A Work In Progress

This weather education thread is my new favorite.

This is great especially during the non snow months coming up, which I'm hoping will begin in May this year.

Miss you bud!

Would this be the place to ask a question about lake effect snow?

I'll ask here, but feel free to delete if it doesn't belong: I know that snow to liquid ratios average about 10:1, but that they get higher at temps get lower. How do the different heights affect the ratios? In other words, do you start at 500mb or 750 or 850?

HeresL wrote:Would this be the place to ask a question about lake effect snow?

I happened to stumble in here and saw your unanswered question. I'm sorry that it's taking so long to get a response, and I hope that you're still a member. What's your question?

Guest wrote:I'll ask here, but feel free to delete if it doesn't belong: I know that snow to liquid ratios average about 10:1, but that they get higher at temps get lower. How do the different heights affect the ratios? In other words, do you start at 500mb or 750 or 850?

Another one, I hope that you are still a member here, and apologize for the massively delayed response. This is a FANTASTIC question!! To keep it simple, it really depends on where the snowflakes are forming. For example, let's say that you have a column of air with the following thermal profile (from top to bottom):

300mb: -60ºC
400mb: -40ºC
500mb: -25ºC
600mb: -18ºC
700mb: -10ºC
850mb: -5ºC
925mb: -3ºC
Surface: -3ºC

Now, let's assume that we have a winter storm approaching and this thermal profile remains constant (in reality, this wouldn't happen, but to keep it simple we will assume that it will). The precipitation (snow) at the beginning will be generated by the forcing mechanisms (thermal/warm air advection) at the lower levels, say, from 925mb up through about 850mb. Generally, this will be your initial virga (precipitation aloft that doesn't reach the ground because it sublimates (snow evaporating into drier air). This works to saturate the column below until it becomes moist enough to reach the surface. The snow-liquid ratio of this snow will be based on the average thermal profile between 925mb and 850mb, since that's where the snow is forming.
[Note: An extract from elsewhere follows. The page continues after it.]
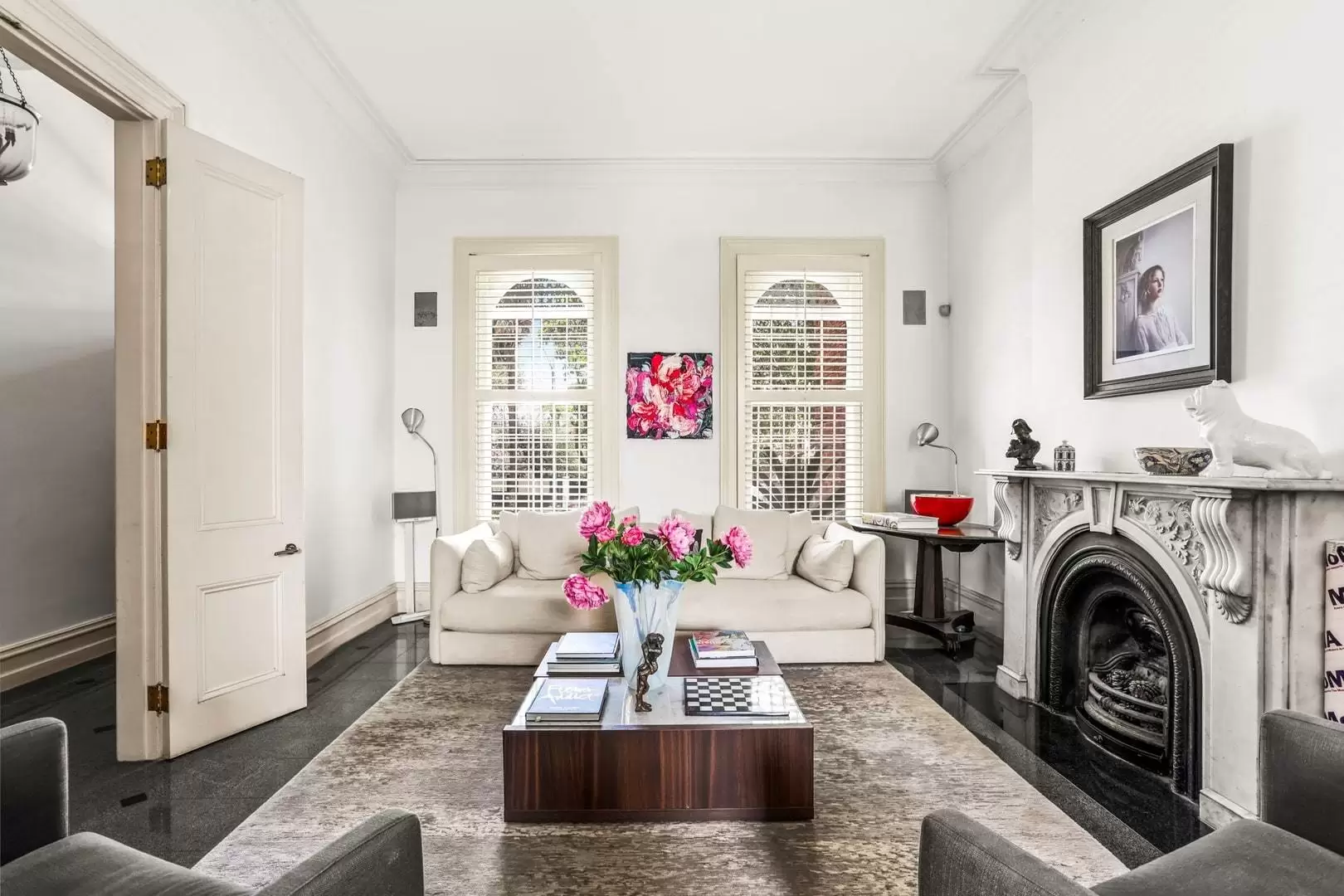 372 Moore Park Road, Paddington Sold by Sydney Sotheby's International Realty - image 2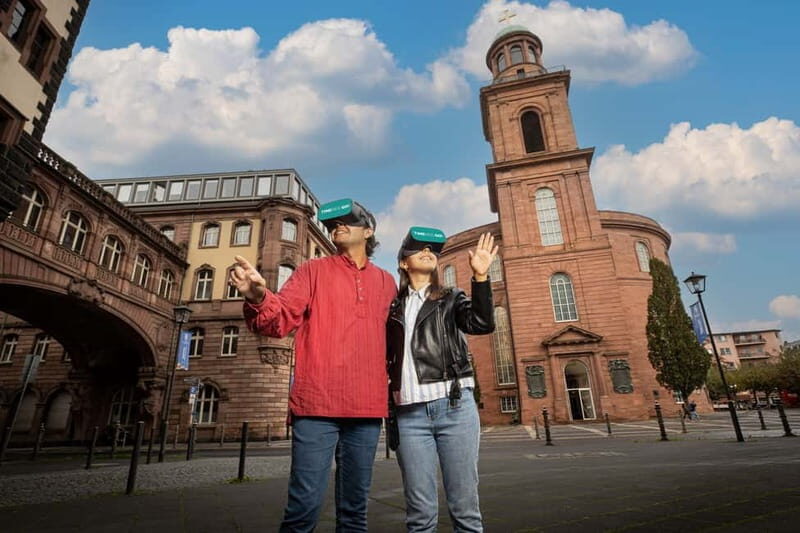 Frankfurt: Walking Tour - discover the city with VR glasses - Meeting at TimeRide and how the tour flows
Now, as the storm approaches and the more significant forcing mechanisms begin to move overhead (things like maximum thermal/warm air advection, positive vorticity advection, and jet dynamics), now you shift the levels at which the snow is being formed at higher, because those forcing mechanisms occur further aloft. For example, your thermal/warm air advection will now be occurring from 925mb through 700mb, but will be maximized between 850mb and 700mb, vorticity advection will occur at 500mb, and your jet dynamics will occur at 300mb. Therefore, now you have much more substantial forcing for ascent through the entire atmospheric column, but biased to the higher 2/3 of the column. Therefore, the snowfall ratio will change based on the average thermal profile from say 850mb (the start of maximum thermal/warm air advection) all the way to 300mb. As you can see, the heart of this storm would feature a much higher ratio snowfall than the beginning. And that is a pretty classic evolution during your mid-winter events. As the storm departs, the ratios will change again, but this gets a bit more complicated because the way that change is highly dependent on the storm's structure. In some cases, the ratios will increase further as the storm departs, in others, it won't really change at all, and yet in others it will decrease again. Here's a graphic showing the relationship between snow-liquid ratio and temperature (one of my "secret weapons" of forecasting snowfall lol):




With the above said, there are caveats to this; mainly, high-ratio snows do not always mean increased snowfall totals. Why? Well, the average thermal profile of the part of the atmosphere where the snowflakes are forming determines the crystal habits of the snowflakes. Basically, the structure and shape of the snowflakes change as the temperature changes. As a quick example, take a look at the following graphic (admittedly, another one of my "secret weapons" of snowfall forecasting lol):



As you can see, there are several different snowflake types depending on the thermal profile of the atmosphere in which they form. The "holy grail" of snowfall are the dendrites and plates, as those are the ones that really stack up the fastest and most efficiently, mainly dendrites, because they are much bigger, and as they accumulate, they don't fit together very well, so there's a lot of airspace between each one. Other snowflake types, like needles and columns are the kiss of death for snowfall accumulation, because they are much smaller and they can really pack together pretty tightly. So, as discussed above, as the thermal profile changes during the evolution of the storm, so too do the types of snowflakes and the relative accumulation efficiency. That's why higher ratios don't always necessarily mean higher accumulations at the surface

I hope this helps, but if not, let me know and I'll be glad to try and explain further!